Pointers Are Complicated II, or: We need better language specs

Tour de force, Ralf. A triumph of sanity, your responses, thanks a lot.

I wish I could be more familiar with the area. At risk of imposing on your precious time yet again.. if I asked for a single article or book title would anything come to your mind?

1 Like

Mine experience with high-level languages is more along the lines of "That XX optimization option is only intended for use with programs that don't do YY. Do ___ to disable that optimization and your program should compile correctly."

For LLVM, a comparable response would be to suggest the front-end language compiler produce code that would block the optimization in question, such as by having all integer-to-pointer casts generate a memory-clobber instruction. The front-end compiler should then include an option to enable any such extra barriers that may be needed to guarantee correct code generation, unless the user specifies particular cases where such barriers would not be needed.

Unfortunately, many of the free language tools bundled with Linux don't include any optimization setting between "produce code that is more than twice as as big and slow as optimal" and "produce code that may fail under unspecified circumstances". If there were an optimization option which would identify automatic-duration objects objects whose address wasn't taken and hold them in registers when possible, and refrain from doing stack setup/teardown on leaf functions whose arguments are received in registers and can be kept there, such an optimization option would allow many functions to be written in such a way as to achieve a level of efficiency which would be adequate for most purposes, without compilers having to worry about the kind of weird corner cases that are hard to handle correctly. Further, in many cases, a compiler that performed all possible optimizations of this sort would achieve better performance than existing compilers whose creators expend their efforts chasing the more complicated optimizations that are harder to get right.

Note also that in many cases, a compiler with options to performs optimizations that aren't allowed by language standards, may be able to achieve better performance than would be achievable without such options, and one to support constructs beyond those mandated by language standards may, if given code which exploits those constructs, be able to achieve better performance than would be achievable without such constructs.

That will only be true when there is a "machine-readable" way of fully specifying requirements and non-requirements. In many real-world scenarios, it is simple to formulate a machine-readable specification for a sequence of operations that would produce acceptable output, but impractical to produce a machine-readable means of enumerating all acceptable outputs for any given input.

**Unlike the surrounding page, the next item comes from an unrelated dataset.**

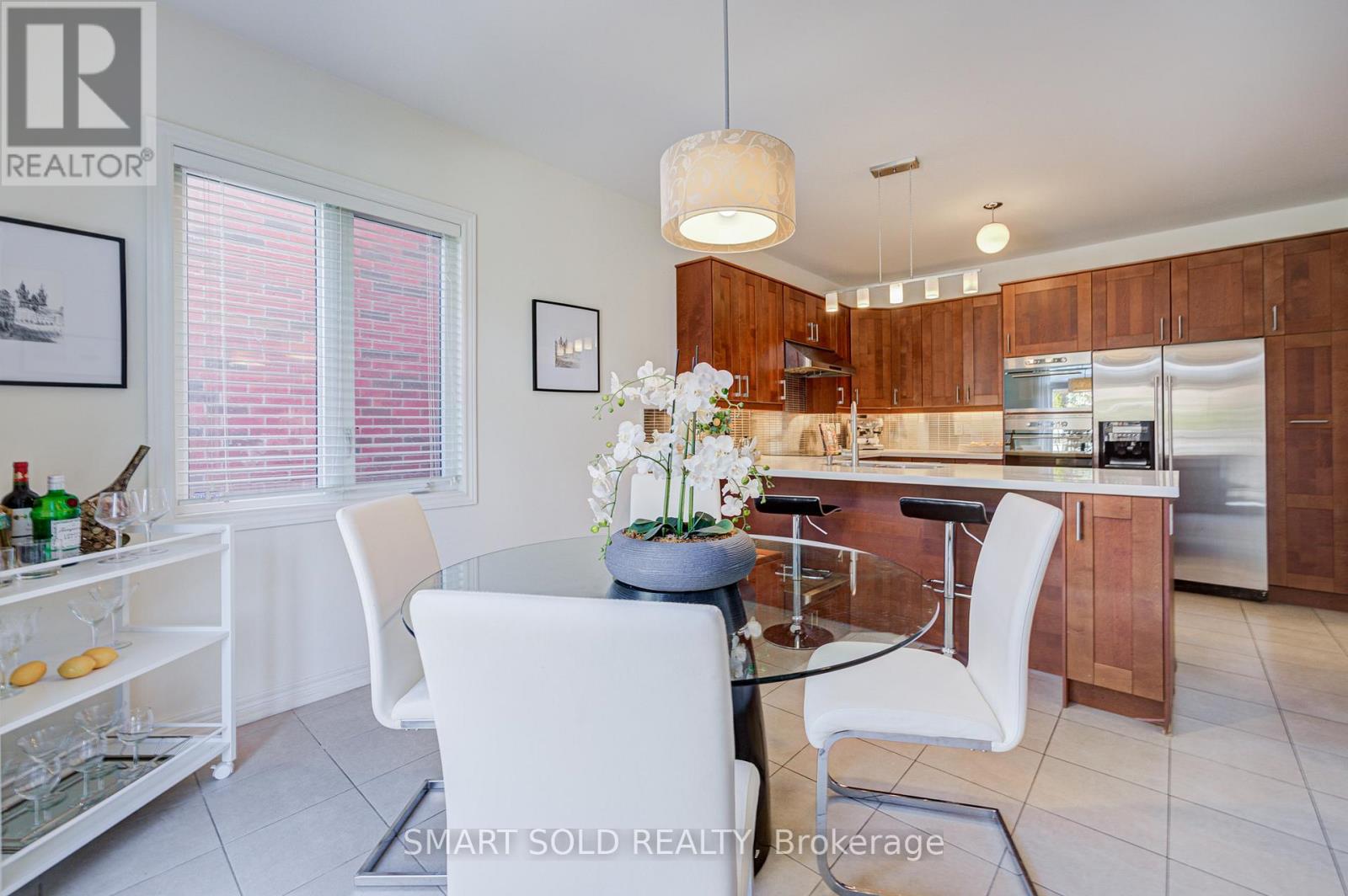 Single Family House for Sale in  GOLDEN ORCHARD ROAD Vaughan (Patterson)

Many practical tasks will be supportable by some implementations but not others. If a program needs to do perform some task which some implementations will be able to support efficiently and others won't, there is nothing wrong with having it specify that it is suitable for use only on implementations with certain characteristics. Ideally, there should be machine-readable ways of specifying such requirements, but if no such means exist there is nothing wrong with programs that specify them only in human-readable form.

If, after including a vendor-supplied header, I write the C code [in reality, I'd be prone to define macros for the hard-coded values]:

PTA->PDDR |= 0x10;
PTA->PSOR = 0x10;
PORTA->PCR[4] = 0x146;

then on some C implementations that would turn on a green light. Nothing in the C Language Standard specifies that the above code should turn on a green light, but nothing in the C Language Specification specifies any way of turning on a green light. Some people might say that trying to use a C language program to turn on a green light is an abuse of the language, but I'd prefer to say that the behavior of the code would be specified as turning on a green light if it's run with interrupts disabled on a Freescale KL02 family controller which has a green LED wired via resistor between port pin A4 and ground. When run on other implementations it might do something else.

A programmer will know what possible outputs and behavior from a program will meet requirements and which ones won't, even in cases where it would not be practical to specify a means of enumerating all acceptable outputs. If it is possible to determine that all possible outputs or behaviors that could be produced by a program or subsection will have some traits, and that all outputs or behaviors with those traits satisfy requirements, that will prove that all possible outputs or behaviors will meet requirements. If a transform might affect the behavior of a program, but applying it to any program whose output would possess all required traits would yield a program whose output would possess all required traits, then applying the transform would not affect correctness.

In most cases, nearly all of the transforms a compiler would be allowed to perform would either have no effect upon a function's behavior given any possible inputs, or could be easily shown to always behave in a manner possessing some traits when given input possessing some traits. In some rare cases it would be necessary to enumerate possible behaviors, but in most cases invariants would suffice.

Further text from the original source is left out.